> _Task prompt_: Return all the data exactly, keeping the pictures out.

> _Dataset content_:
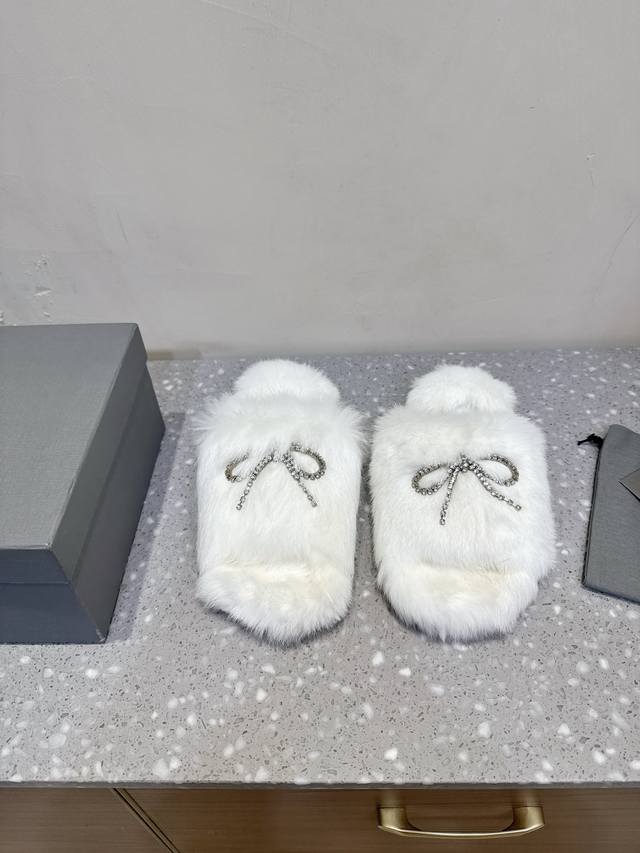 Balenciaga 巴黎世家 25Ss秋冬新款 水钻蝴蝶结 毛拖 鞋面水钻蝴蝶结工艺！ 高级感满满当当！ 上脚特别漂亮 面料：采用原版进口貂毛 非常柔软舒适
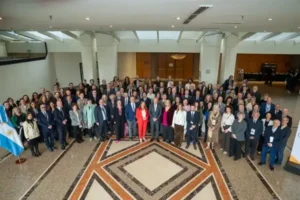 Argentina lleva la memoria del Holocausto al centro de la agenda internacional en el primer plenario de la IHRA bajo su presidencia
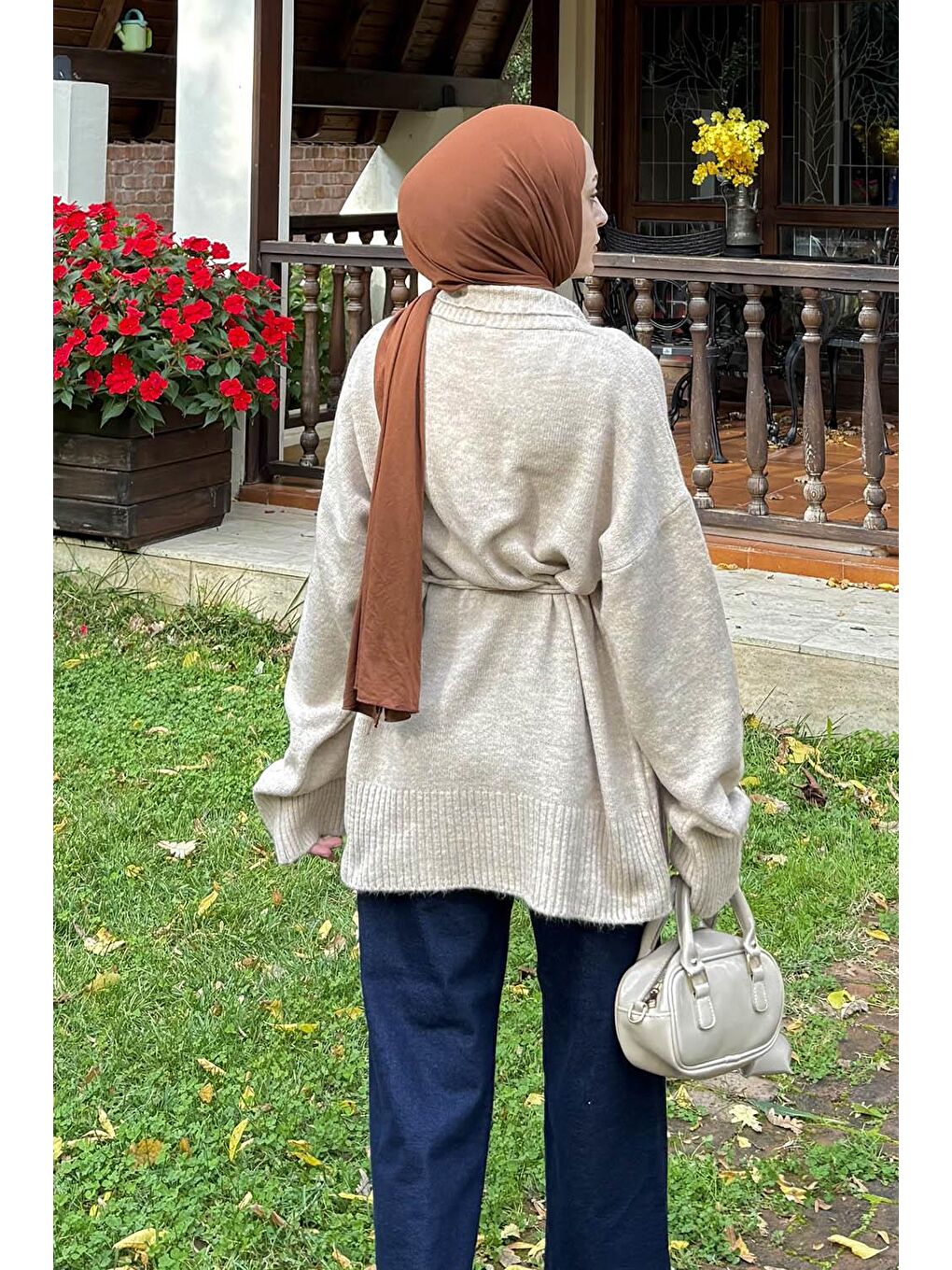 Bej Bağlama Detaylı Triko Hırka Taş-3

> _Task solution_:
 Balenciaga 巴黎世家 25Ss秋冬新款 水钻蝴蝶结 毛拖 鞋面水钻蝴蝶结工艺！ 高级感满满当当！ 上脚特别漂亮 面料：采用原版进口貂毛 非常柔软舒适
 Argentina lleva la memoria del Holocausto al centro de la agenda internacional en el primer plenario de la IHRA bajo su presidencia
 Bej Bağlama Detaylı Triko Hırka Taş-3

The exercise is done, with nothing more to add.